Katie Couric says her new National Geographic series “America Inside Out” tackles issues “that really aren’t being covered adequately in the mainstream media,” the journalist told TheWrap.
The six-part docu-series, which premieres Wednesday, will cover a variety of topics, including political correctness, the impact of the white working class on the 2016 presidential election, controversial monuments and statues, and being Muslim in America. It features interviews with people from across the country, including actors, activists and everyday Americans, and promises to give viewers a thorough look at the issues from every angle.
“The news cycle is so fast and furious now,” Couric said, explaining her desire to do the series to TheWrap’s Sharon Waxman at the Power Women Breakfast Austin last month. “There’s so much obsession — understandably so — over the president’s latest tweet, some of the things that he’s said or drama inside the West Wing.”
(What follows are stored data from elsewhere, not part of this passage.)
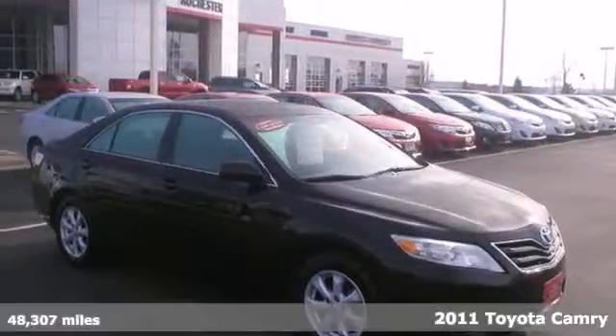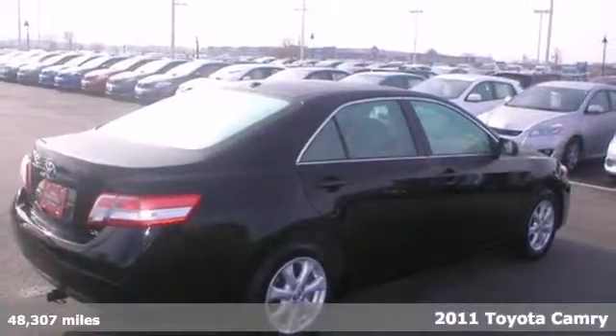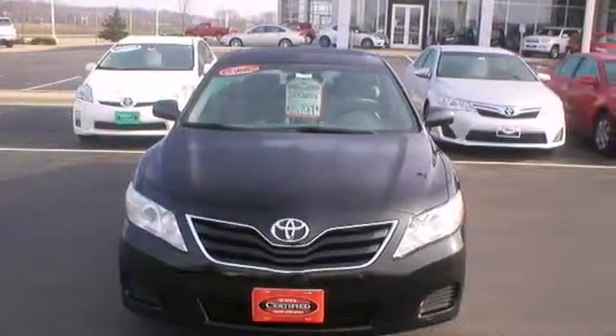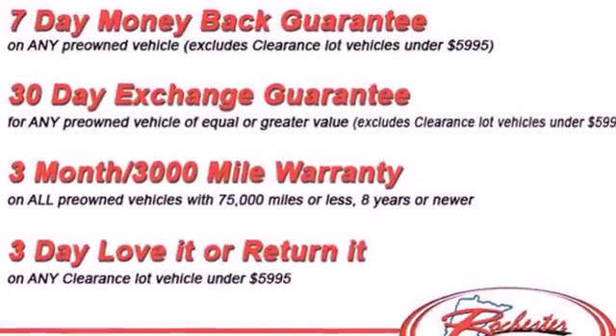Here's a 2011 Toyota Camry. A multifunction steering wheel, dusk-sensing headlamps, child seat anchors, interior air filtration, a split folding rear seat back, and electronic brake force distribution all come standard in this well-appointed sedan.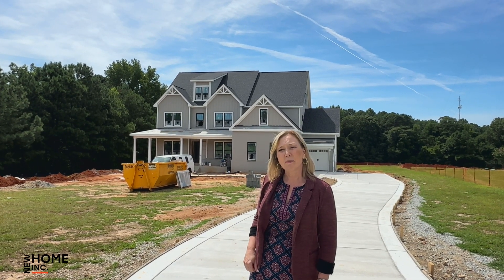So let's take a look inside at some of the special features. Welcome to the Moorhead. We're doing a little painting today, so don't mind us, but I just want to show you a couple of special features that we've got in this home.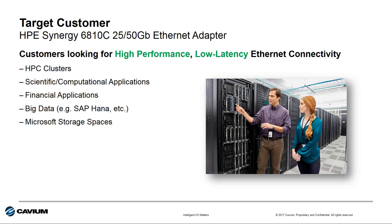The target customers for this new HPE Synergy 6810C adapter are those looking for the ultimate in high-performance and low-latency Ethernet connectivity. This includes customers in high-performance compute and cluster environments, scientific and computational applications, certain folks in the financial applications sector, those doing big data with things like SAP HANA, and potentially even customers deploying Microsoft Storage Spaces.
“I don’t think enough people are taking a step back and saying, ‘What are some of the pressing issues that are dividing us? What are some of the things that people are reacting to and not thinking about?'”
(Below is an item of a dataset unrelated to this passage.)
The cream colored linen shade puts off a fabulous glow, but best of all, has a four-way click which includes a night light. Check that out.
Couric said the show aims to help people escape their political echo chambers in an era when Americans are getting “affirmation, not information” from their news feeds.
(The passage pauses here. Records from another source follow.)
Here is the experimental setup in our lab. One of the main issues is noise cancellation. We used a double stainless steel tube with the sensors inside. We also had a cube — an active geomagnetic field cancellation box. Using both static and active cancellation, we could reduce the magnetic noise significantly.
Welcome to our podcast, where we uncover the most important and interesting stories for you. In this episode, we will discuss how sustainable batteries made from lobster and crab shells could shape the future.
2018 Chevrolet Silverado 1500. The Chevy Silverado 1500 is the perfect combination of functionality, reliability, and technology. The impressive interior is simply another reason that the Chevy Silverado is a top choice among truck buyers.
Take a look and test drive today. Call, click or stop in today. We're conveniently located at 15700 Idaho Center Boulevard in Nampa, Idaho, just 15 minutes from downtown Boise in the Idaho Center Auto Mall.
“There’s this instantaneous judgment in our society right now, because of social media, because of our tribalism, because of our silos,” she said. “These conversations aren’t happening.”
The series was inspired by Couric’s personal journey interviewing people and learning from their experiences for her last project with Nat Geo, the two-hour documentary “Gender Revolution.”
“America Inside Out” takes much the same tack, but applies it to a much broader range of topics. It kicks off on Wednesday with an episode called “Re-Righting History” in which Couric returns to her alma mater, the University of Virginia, to explore the sometimes violent battle over removing confederate monuments and renaming buildings in places like Charlottesville, Virginia.
“It was really fun and a great eye-opening experience,” Couric said. “I hope, through everything I’ve learned in the process, that people watching will learn.”